Operating System
- Must support CASA
- Will need a patching/updating mechanism
- Try to have one OS that supports both our use and local use?
- Or they could dual boot?
- Or kubernetes?
Third party software for VLASS
- CASA
- HTCondor
- Slurm?
- Will need a way to maintain the software
Third party software for Local
- Will need a way to maintain software for the local site
Services
- DNS
- DHCP
- SMTP
- NTP
- NFS?
- LDAP? How do we handle accounts?
- ssh
- rsync (nraorsync_plugin.py)
Management Access
- PDU
- UPS
- BMC/IPMI
- switch
Maintenance
- replace disk
- replace/reseat DIMM
- replace power supply
- NRAO may handle replacement hardware. Drop ship. Spare ourselves?
Hardware
- GPUs? Do we get 1U nodes with room for 1 or 2 Tesla T4 GPUs or 2U nodes with room for 1 or 2 regular GPU?

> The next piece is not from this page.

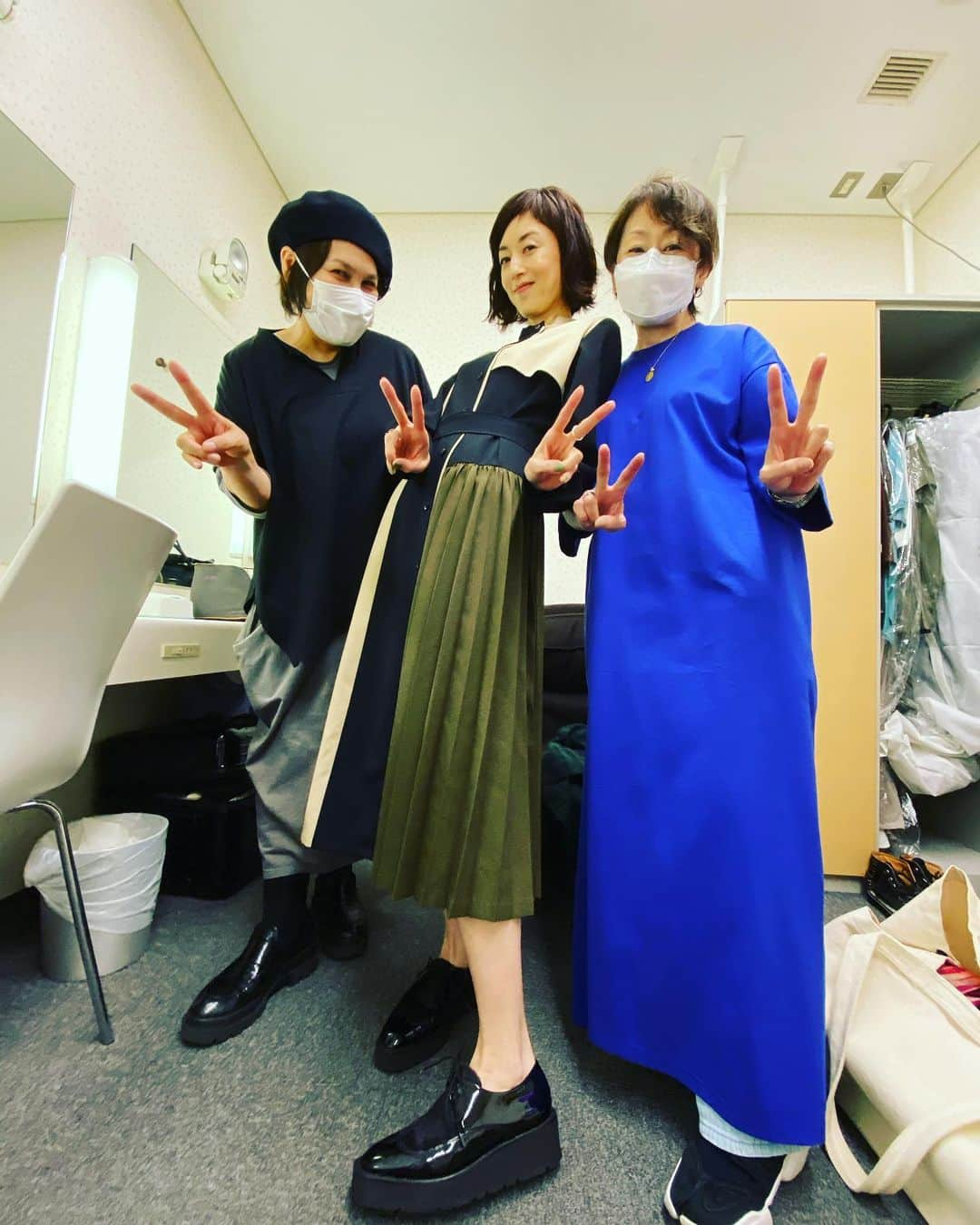 高岡早紀 さんのインスタグラム写真 - (高岡早紀 Instagram)「あぁ、今日も楽しかった〜 映画"リカ"の番宣してきたよ。 右側のスタイリストなっちゃんはこの写真のスタイル "ナウシカ"みたいに見えるでしょ⁉︎って言い張るんだけど、 皆さまの意見はど？ そう？ いい？笑  #リカ　#映画　#6/18公開」5月17日 19時51分 - saki_takaoka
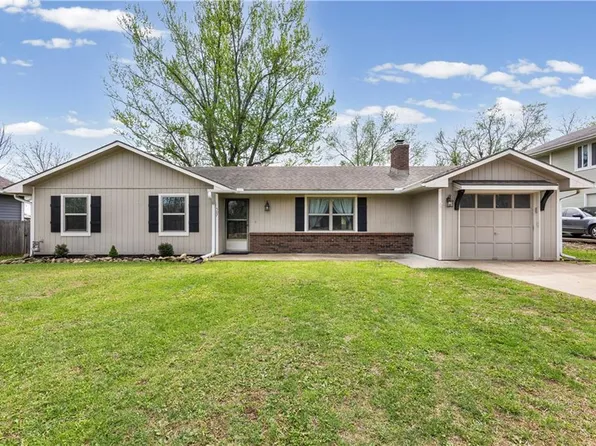 507 W Cambridge Rd, Belton, MO 64012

- 1Gb/s might be enough. 10Gb/s if price is good.
- 30 1U nodes or 15 2U nodes or mix?
- head node with lots of disk
- test head node at NRAO (either CV or NM)
- one PDU or two PDUs?
- UPS for just the head node and switch?
- environmental monitoring Could the PDU do this?
- rackmount KVM (not remote) and patch cables
- NVMe drives for nodes
- Rack
Other
Since we are making our own little OSG, should we try to leverage OSG for this or not? Or do we want to make each POD a pool and flock?
How do we handle the 50% workload?